Claims Register Sample Clauses

Claims Register. In order to reflect the entry into this Termination and Settlement Agreement, the Parties hereto acknowledge and agree that (a) the Asserted Xxxxxx Claims are each hereby deemed amended to the extent necessary to reflect the terms of the settlement reached in this Termination and Settlement Agreement and/or to reflect the reconciliation of the Asserted Xxxxxx Claims that has been ongoing among the Merrill Counterparties and the Xxxxxx Entities, which reconciliation has been completed as of the date hereof, (b) none of the Debtors shall join or support, and the Debtors shall file a response in opposition to, any objection to all or any portion of the Asserted Xxxxxx Claims or any derivative or guarantee questionnaire filed in connection therewith, and (c) the Debtors shall not propose, file or support any Chapter 11 plan or any other pleading in any of the Chapter 11 Cases that is inconsistent with the terms and conditions of this Termination and Settlement Agreement.
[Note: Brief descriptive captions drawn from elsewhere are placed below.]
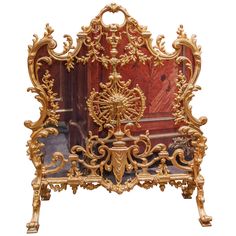 an ornately decorated gold and red bed frame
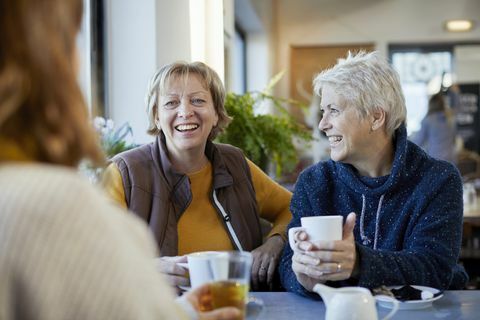 lesbiečių pora ir suaugusi dukra geria kavą ir kalbasi kavinėje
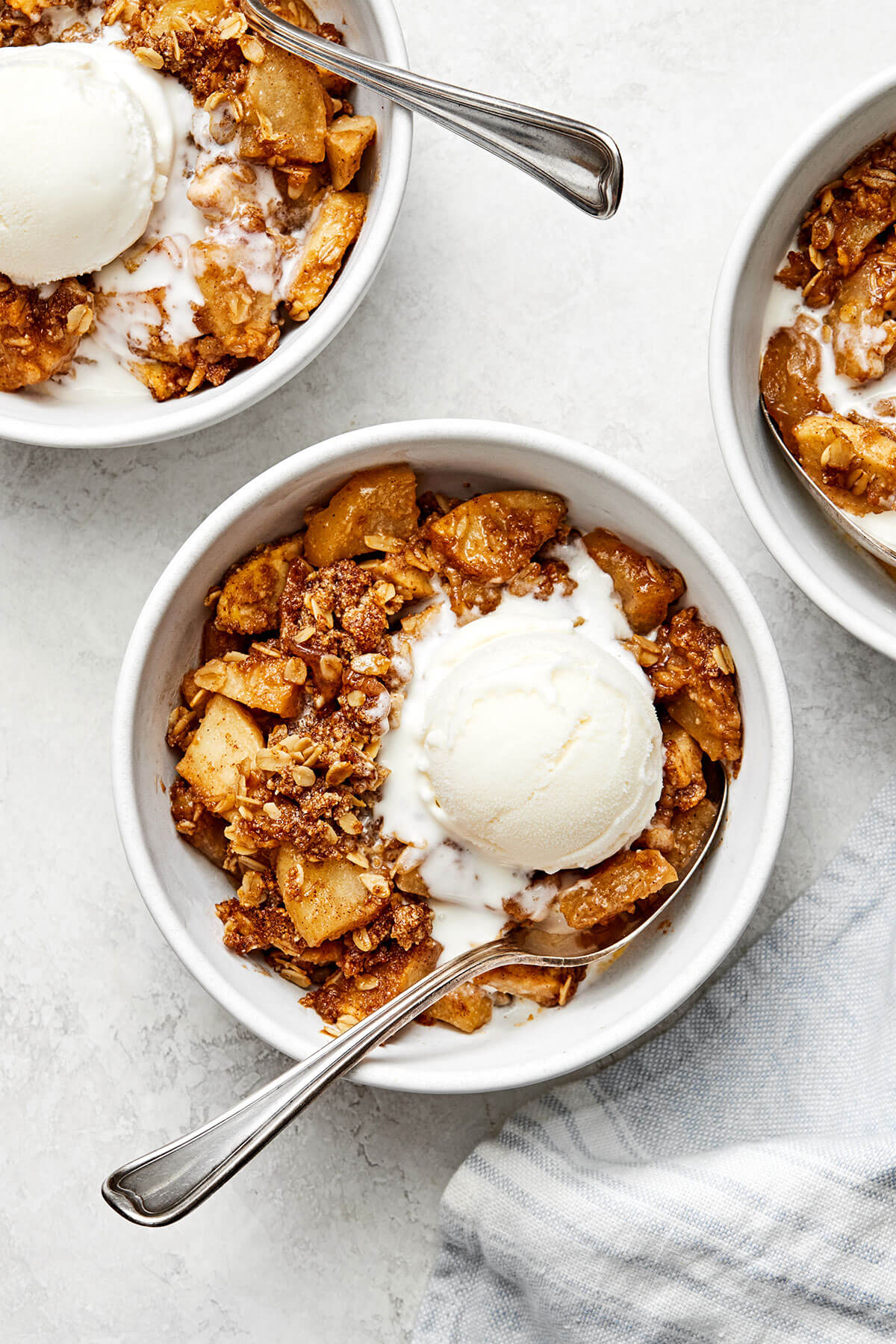 Bowls of apple crisp with ice cream.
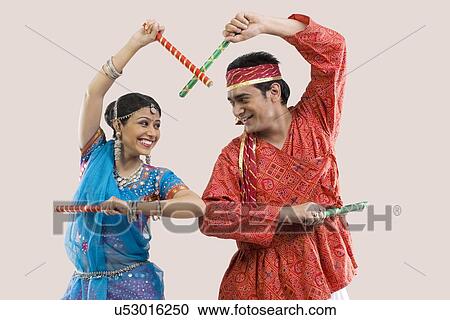 Stock Image - Gujarati couple performing dandiya . Fotosearch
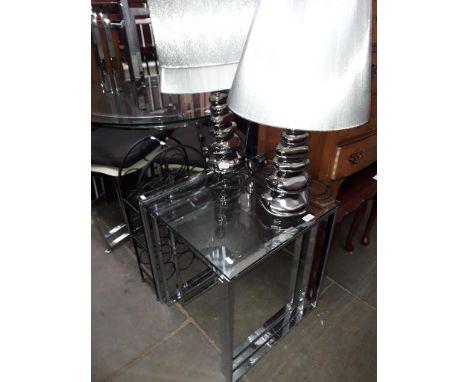 A chrome and glass nest of tables, two modern table lamps, a metal wine rack and a spare lamp shade. 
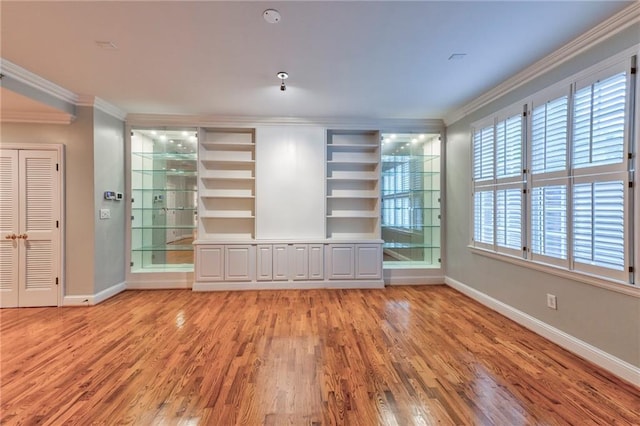 unfurnished living room featuring ornamental molding and light hardwood / wood-style floors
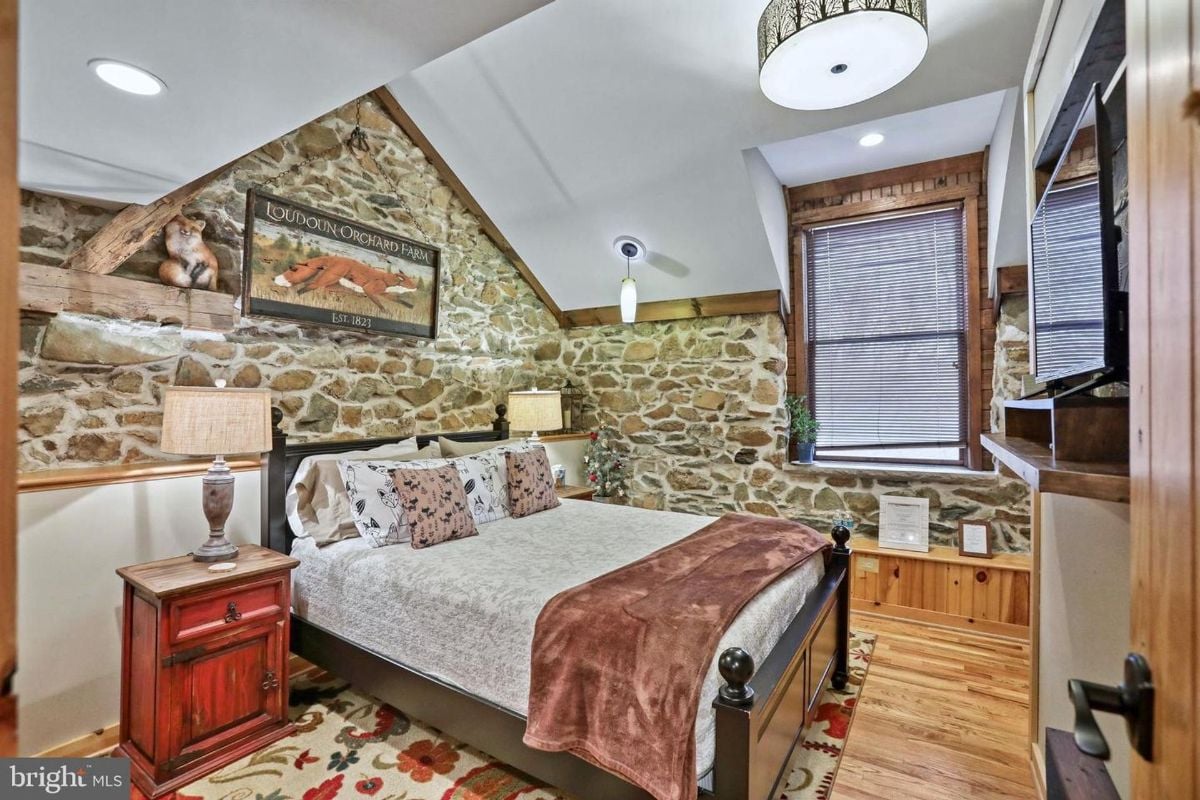 Stone walls and farmhouse decor bring warmth to the inviting bedroom.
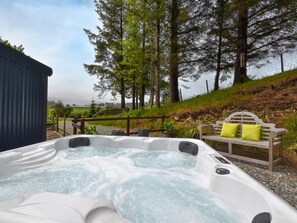 Ein Whirlpool mit einer hölzernen Sitzbank und Kissen, umgeben von Bäumen und einer Steinmauer.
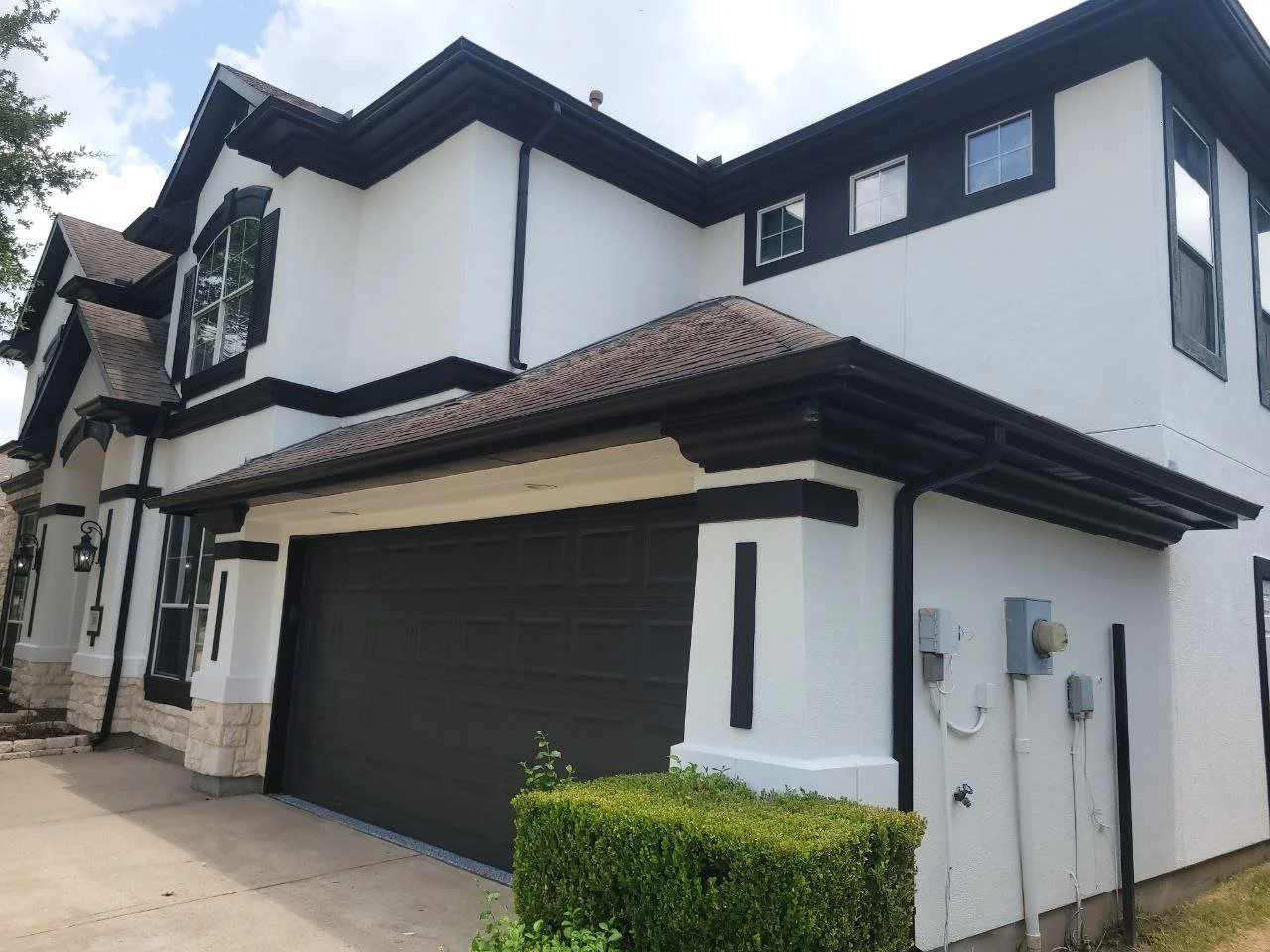 Freshly painted stucco house exterior with garage door and shutters in Sugar Land, Texas.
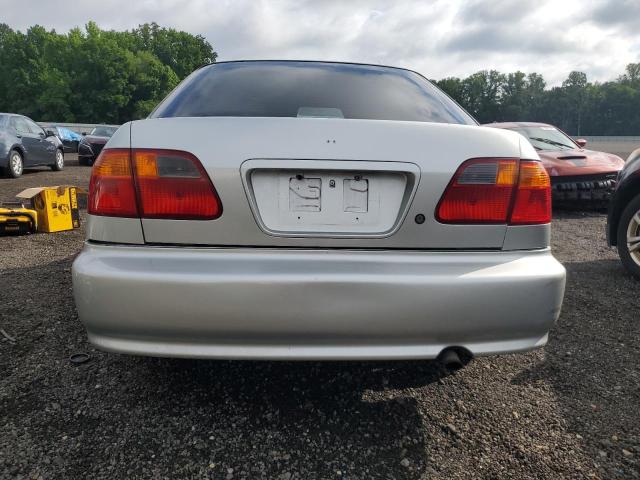 2HGEJ6610YH566142 - 2000 HONDA CIVIC BASE SILVER photo 6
Promptly after the Effective Date, the Xxxxxx Entities and the Merrill Counterparties shall execute and submit joint instructions to Epiq Bankruptcy Solutions, LLC, requesting that the claims register in the Chapter 11 Cases be amended (i) to reflect the allowance and/or disallowance of the Asserted Xxxxxx Claims in accordance with the terms set forth herein, and (ii) if necessary, to reflect any increase to the Allowed Xxxxxx Claims in accordance with Section 12 of this Termination and Settlement Agreement.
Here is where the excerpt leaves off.